The People’s Court
Justice of the Peace Courts are often termed “The People’s Court” because the rules are more relaxed and less restrictive than the District Courts and County Courts. Unless the Judge chooses otherwise, the Rules of Evidence are typically not followed. This is more conducive for people to represent themselves in Court without the need for attorneys and without the stress and worry of admitting evidence to the Court. This is not to say you cannot hire an attorney as you always have the right to be represented. Justice of the Peace Courts follow Part V of the Civil Rules of Procedure, RULES OF PRACTICE IN JUSTICE COURTS.
Type of Cases Are Heard by Justice of the Peace Courts?
Justice of the Peace Courts hear Class C misdemeanor criminal cases and some civil cases such as evictions, small claims, debt claims, repair and remedy cases (landlord/tenant issues), towed or booted vehicles, occupational licenses, and interruption of utilities. The JP Courts also handle various types of tickets and citation, as well as conducting weddings.
What Happens in Court?
The first step to any proceeding is filing the Petition and serving the other party. The Court has forms that can be completed by a person representing themselves, or you can hire an attorney to file your petition. The Defendant has an opportunity to file an Answer and a Counterclaim. Depending on whether an Answer is filed, the suit will either proceed to a pre-trial or trial, or a default hearing.
At a pre-trial, the Judge will hear from the parties and take the necessary steps to develop the facts of the case. The Judge may order the parties to a mediation or may set it for final trial. Either party may request a jury trial, but they must follow the proper procedure. Either party may file motions, such as requests for discovery or summary motions and request hearing dates. Every pleading, motion, hearing date, etc. must be served on the opposing party. Remember there are still procedures that must be followed in any suit, whether you are represented by an attorney or not.
If the case proceeds to a jury trial, then the Judge will call the case at the appointed time. If a party is not present, the Judge may postpone the trial or dismiss the suit. The parties will be asked about the evidence they intend to use in trial and either side will have an opportunity to review the evidence and voice any objections.

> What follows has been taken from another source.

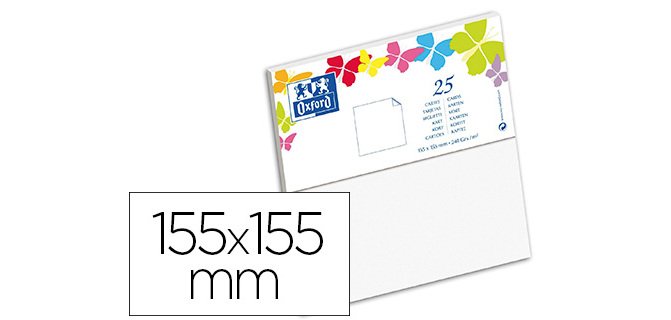 Carte de visite Oxford 155x155 x25 blanc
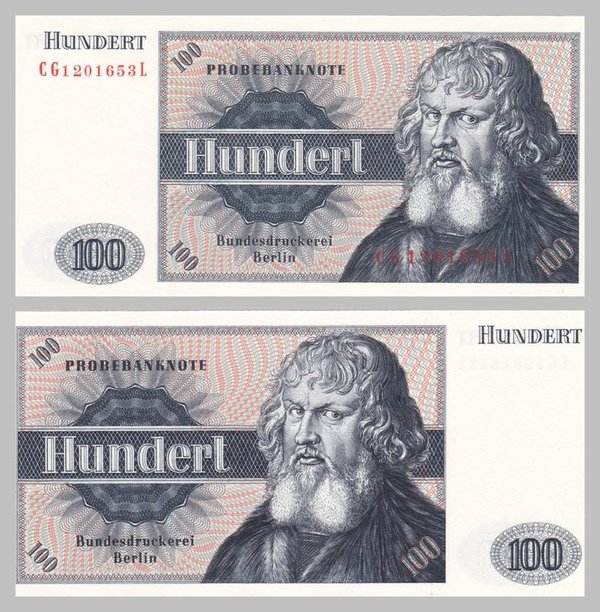 Deutschland Probebanknote Specimen Bundesdruckerei Holzschuher 100 Mark 1960 - 1983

The next step is seating the jury which involves voir dire. Each party has the opportunity during this time to ask the potential jurors questions. This is not the time for developing the case or discussing facts about the case. This is a time to question potential jurors to find what their general biases are in an attempt to determine who may side with your facts. In JP Court, a jury will consist of 6 members.
Once a jury is seated and sworn in, the trial begins with the Opening Statements. The Petitioner will then present their case and call witnesses. The Defense presents their case last. Once both sides have presented their case and rested, each party is given an opportunity to have closing arguments. The jury is then led out to begin deliberations. When the jury has completed deliberations and made a decision, the Court is called back to order and the verdict read.
There are many resources available to assist those wishing to represent themselves in JP Courts. Judge Ralph Swearing in has a great power point presentation on an overview of the Justice of the Peace Court which can be found here. In addition, Texaslawhelp.org has a lot of information for those choosing to represent themselves in Court. In the end, you should always check with the Court Clerk for the Court you are in, as the Clerks will be your most helpful resource for that specific Court. Remember, they cannot give you any legal advice, but they can provide you information on the forms and the process.